# What is being asked:
Leaving pictures out, repeat word for word the line that has "Why will it" and each line that follows it to the end of the listing.
--- Recorded data ---
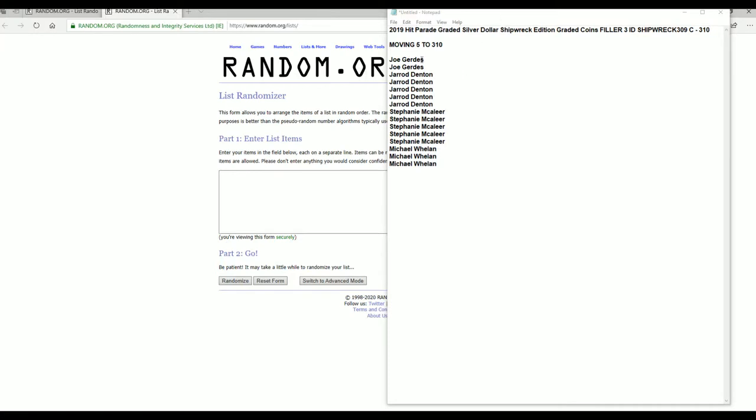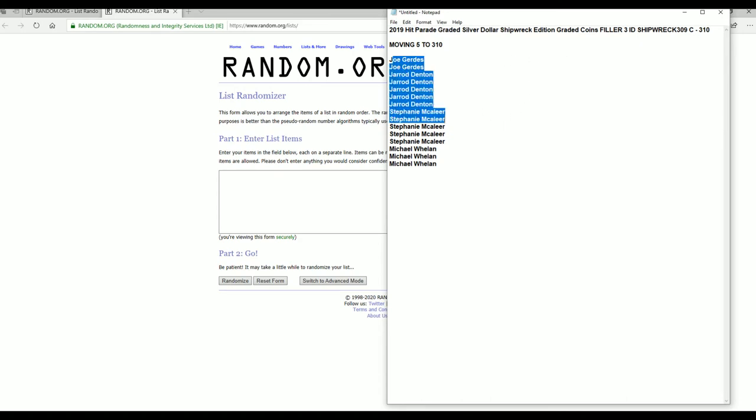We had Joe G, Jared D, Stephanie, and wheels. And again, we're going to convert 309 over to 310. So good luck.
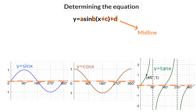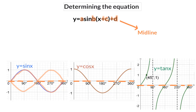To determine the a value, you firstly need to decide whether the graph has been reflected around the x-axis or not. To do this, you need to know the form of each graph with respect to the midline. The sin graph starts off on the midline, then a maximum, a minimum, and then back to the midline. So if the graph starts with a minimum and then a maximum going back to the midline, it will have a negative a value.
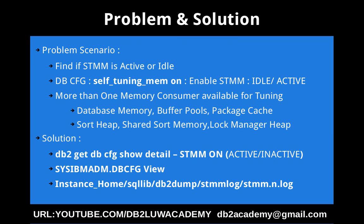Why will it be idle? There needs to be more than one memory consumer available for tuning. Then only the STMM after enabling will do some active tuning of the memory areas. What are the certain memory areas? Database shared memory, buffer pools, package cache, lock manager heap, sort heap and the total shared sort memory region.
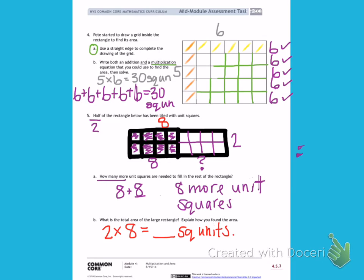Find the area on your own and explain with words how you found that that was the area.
---
# Your response:
Why will it be idle? There needs to be more than one memory consumer available for tuning. Then only the STMM after enabling will do some active tuning of the memory areas. What are the certain memory areas? Database shared memory, buffer pools, package cache, lock manager heap, sort heap and the total shared sort memory region.
Find the area on your own and explain with words how you found that that was the area.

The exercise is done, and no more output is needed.